Red Hat Bugzilla – Bug 108623
ECC SBE appear to hang tiger 4 machines
Last modified: 2013-03-06 00:56:16 EST
From Bugzilla Helper:
User-Agent: Mozilla/5.0 (X11; U; Linux i686; en-US; rv:1.2.1) Gecko/20030225
Description of problem:
As far as I can see the MCA handlers do not tell the SAL to clear the errors.
According to the Itanium Processor Family Error Handling Guide section 22.214.171.124
and the Itanium Processor Family System Abstraction Layer section 4.3.2 if the
error is corrected or if the OS can continue, the SAL procedure should invoke
the SAL_CLEAR_STATE_INFO procedure.
I think that since the error isn't cleared, the SAL re-asserts the error and the
it repeats in a very tight loop. This essentially, hangs
the machine because all the APs are rendezvoused and the BP spends all
its time spewing the same error to the console. NOTE: the way that I
read the code as it now exists. ANY MCA will essentially hang the
We have an instrumented DIMM here which allows me to generate SBEs MBEs and
other memory errors at will.
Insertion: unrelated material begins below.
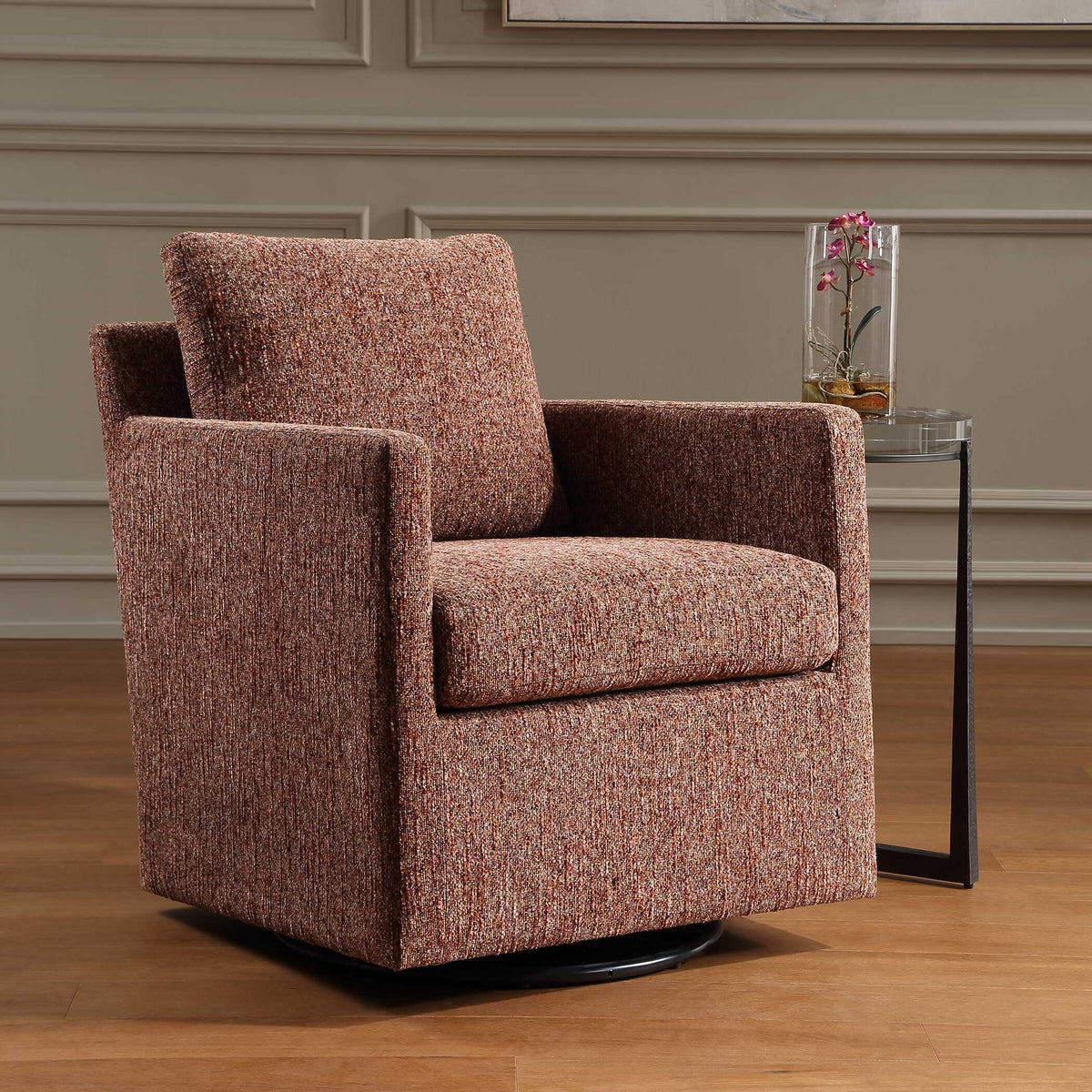 Tisdell Swivel/Glider Canyon - Red by Uttermost - View 4
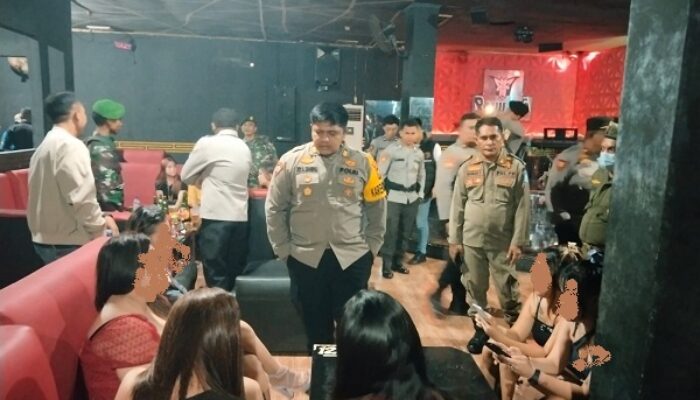 Jaga Kamtibmas Jelang Ramadhan, Polres Halut Razia THM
My test with the SBE was not 100% conclusive that
the machine was totally hung forever. I waited about 5 minutes after I stopped
generating the SBE for the console to potentially drain and errors were still
flying up the screen. I didn't feel like waiting any longer and so I rebooted
the node. However, while the console was still spewing, I tried pinging the
machine and there was no response. This was not a really carefully controlled
test but the fact that 5 minutes after a the SBEs stopped the machine still
wouldn't respond to a ping is a problem in and of itself.
Version-Release number of selected component (if applicable):
Steps to Reproduce:
1. install instrumented DIMM in Tiger 4 ia64 machine.
2. connect the jumper that generates a SBE on the instrumented DIMM
3. disconnect the jumper
Actual Results: Machine unpingable for >5 minutes after SBEs stop.
Expected Results: Machine should become responsive shortly after SBEs stop.
Went throught the kernel source pretty carefully. There is only one place where
ia64_sal_clear_state_info is called and that is buried in the implementation of
the sal /proc filesystem code, in salinfo.c.
It seems to me like the "correct" place to acknoledge the corrected error would
be in mca_plaform_handler which is now an empty function.
I am not sure how this problem escaped detection previously. I think that the
MCA code may have not been terribly well exercised or it may be that the tiger 4
motherboard's chipsets behave slightly differently than other motherboards and
keep reasserting the same error if it is not acknowledged. If I understand the
SAL's MCA error buffer correctly, then it is a circular buffer and it could be
that on other motherboards the fact that the error remains unacknowled doesn't
matter. The errors just wrap around.
I'm going to start working on a patch to try to fix this bug.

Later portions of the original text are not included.